Sitemap:
- Sitemap is a collection of web pages of website that are placed in single page that is available for both search engines as well as users.
- Xml is used to generate sitemap for a website.
- Sitemap tells a search engine that how frequently your contents in a page changes and follow the priority while indexing the web pages.
Rules of a sitemap:
- A sitemap can have at most 50,000 URL's.
- A sitemap file size should not greater than 10 MB.
- If you have more than 50,000 URL's then you can categorize the URLS and and create sub sitemaps for it.
- Use sitemap index to hold all the sub sitemaps of a website.
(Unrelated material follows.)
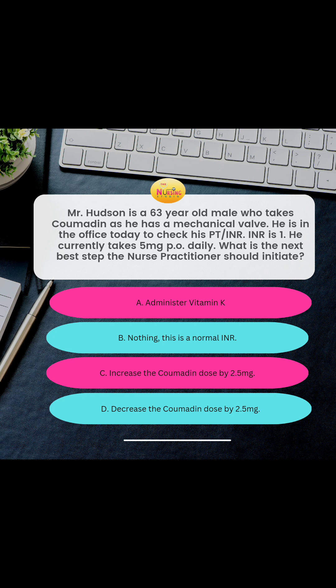We know that he has a mechanical valve, he's taking Coumadin, he's on five milligrams daily, and his INR is one. So would you A, administer vitamin K? B, nothing — the INR is normal? C, increase the Coumadin dose by 2.5 milligrams? Or D, decrease the Coumadin dose by 2.5 milligrams?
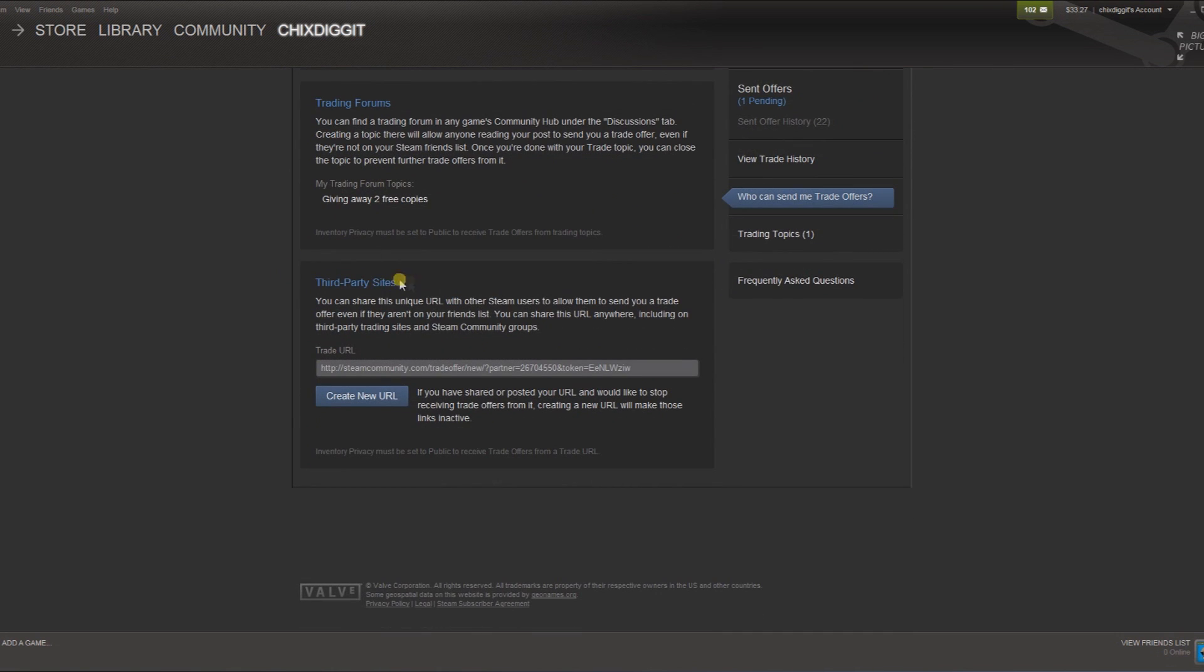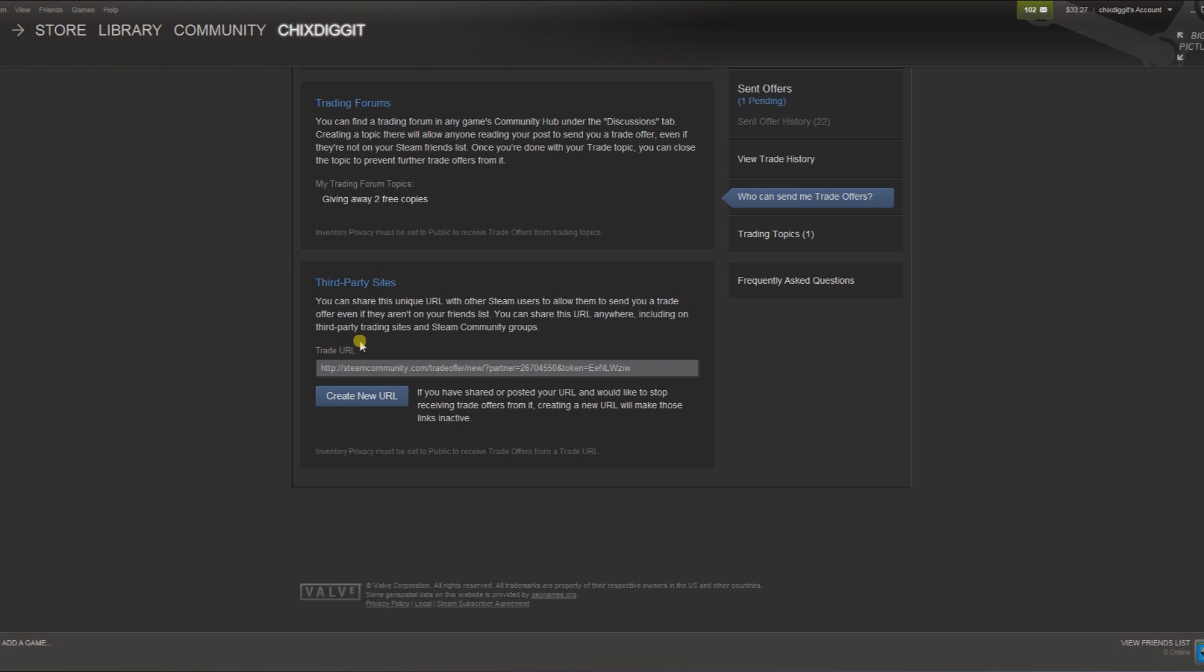The next thing is third party sites down here. Here you'll have a URL. You can send this URL to anyone on message boards, here on YouTube. You can leave your link in the comments. I'll leave my link in the description, you guys can look at my inventory and send me trades. Basically from this URL anyone can view your inventory and send you trades. They don't have to be on your friends list or anything.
- Submit the sitemap index to the search engine bots. It will automatically crawls the all web pages from a given website.
Sitemaps framework in django
- It automates the creation of sitemap xml
- We can classify the urls of a website as static and dynamic
Configurations of sitemaps framework
- We have to add 'django.contrib.sitemaps' in INSTALLED_APPS setting.
- You must add 'APP_DIRS': True in TEMPLATES setting.
Sitemap Class:
- It has the following attributes or methods that will help in creating the sitemap.
items:
- It is a method and It returns list of objects.
- Every object that is returned from this method will be passed to location(), lastmod(), changefreq() and priority() methods.
location:
- It is either an attribute or a method
- If it is a method, It takes an item/object as a argument.
- It's responsible for returning the absolute path.
- Absolute path should not contains protocol(http, https), domain name.
- Example: "/contact-us/", "/country/india/"
- If you do not override it will call "obj.get_absolute_url()" by default.
- If the object doesn't have get_absolute_url it will raises an error.
lastmod:
- It is either an attribute or a method.
- It is responsible for returning a date or datetime object.
- It returns none by default.
- It is used to tell a search engine that when the page is last modified.
changefreq:
- It is either an attribute or a method.
- If it is a method, It takes an item/object as a argument.
- It tells search engines that how frequently a web page changes.
- Possible values are "always", "hourly", "daily", "weekly", "monthly", "yearly", "never"
priority:
- The priority of this URL relative to other URLs on your site.
- It's valid values range from 0.0 to 1.0.
- It only lets the search engines know which pages you deem most important for the crawlers.
-
The default priority of a page is 0.5.
protocol:
- It is an attribute. It specifies which version of protocol to use while generating full url.
- Possible values are "http", "https"
- Default values is "http"
i18n:
- It is a boolean attribute.
- If it is true then it will add a language prefix for all urls.
- By default it is set to "False"
GenericSitemap:
- It simply inherits the Sitemap class. So, It gets all the above mentioned properties.
- It takes arguments "info_dict", "priority", "changefreq", "protocol".
- info_dict contains two keys 1. "queryset", 2. "date_field"
- We don't need to write extra classes for Sitemaps instead we can use it
If we use sitemap view for urls below 50,000 and sitemap index for above 5,000.